1. Anasayfa
  2. Danıştay 6. Dairesi Kararları

Danıştay 6. Dairesi E: 1992/2241 K: 1993/2069 T: 25/05/1993


Islah imar planı yapılacak yerlerin 2981/3290 sayılı yasaya ilişkin uygulama yönetmeliğinin 20.maddesinde gösterildiği

Dava, davacıya ait 561 parsel ile bitişiğindeki 560 parsel sayılı taşınmazın 2981/3290 sayılı Yasanın 10/C maddesi uyarınca düzenlemeye tabi tutulmasına ilişkin işlemin iptali istemiyle açılmış, İdare Mahkemesince, davacının düzenlemeden önce 10.000 m2 olan yerine karşılık, %18 oranında düzenleme ortaklık payı düşüldükten sonra yeni oluşan ve mesleki teknik öğretim alanında kalan 3298 m2’lik 2 sayılı parselden 727 m2’lik pay verildiği, kalan kısmın ise bedele dönüştürüldüğü, park alanında ya da mandıra yerinde kaldığı şeklinde davalı idarece çelişkili ifadeler kullanıldığı, bu haliyle düzenleme işleminin anılan Yasa kuralına uygun olarak yapılmadığı kanısına varıldığı belirtilerek işlem iptal edilmiş, bu karar davalı idarece temyiz edilmiştir.

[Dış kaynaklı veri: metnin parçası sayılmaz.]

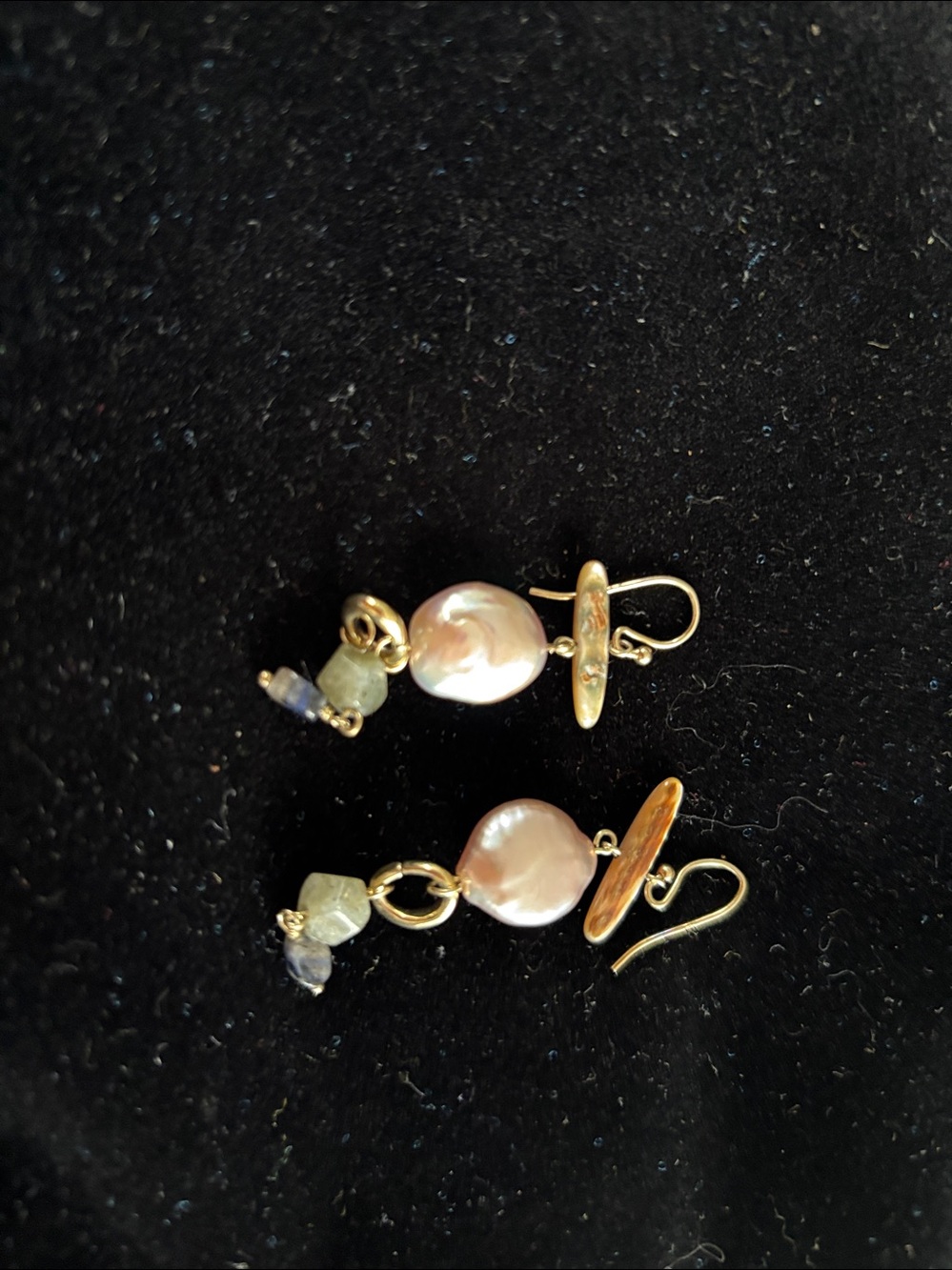 Freshwater Pearl and Labradorite Drop Earrings - Pink Pearl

Dosyasının incelenmesinden düzenlemeye alınan 560 ve 561 sayılı parsellerin tamamının imar planında okul alanı ve yeşil alanda kaldığı anlaşılmaktadır.

2981/3290 sayılı yasanın uygulama yönetmeliğinin 20.maddesi uyarınca ıslah imar planı yapılacak yerlerin, bir yerleşme alanı yada yapı topluluğu niteliği kazanmış gecekondu alanı, üzerinde imar mevzuatına aykırı yapılar bulunan hisseli arsa veya arazi, imar planı ve mevzuat hükümlerine aykırı yapılanmalar bulunan ve bu nedenle imar planının uygulama kabiliyeti kalmamış olan alan, ıslah imar planı olabilecek nitelikleri taşımadığı belediye yada valilikçe belirlenen, özel parselasyon planı bulunan alan olması gerekmekte olup bu nitelikleri taşımayan uyuşmazlık konusu alanda 2981/3290 sayılı Yasanın uygulanması nedenleri de davalı idarece açıklığa kavuşturulmamıştır.

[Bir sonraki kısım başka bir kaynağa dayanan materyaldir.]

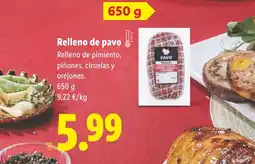 Lidl Relleno de pavo oferta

Bu durumda dava konusu işlemin yukarıda özetlenen gerekçeyle iptali yolundaki temyize konu İstanbul 6.İdare Mahkemesinin 20.12.1991 günlü, 1991/2324 sayılı kararında, 2577 sayılı İdari Yargılama Usulü Kanununun 49.maddesinin 1.fıkrasında sayılan bozma nedenlerinden hiçbirisi bulunmadığından bozma istemi yerinde görülmeyerek anılan mahkeme kararının yukarıdaki gerekçede eklenerek onanmasına karar verildi.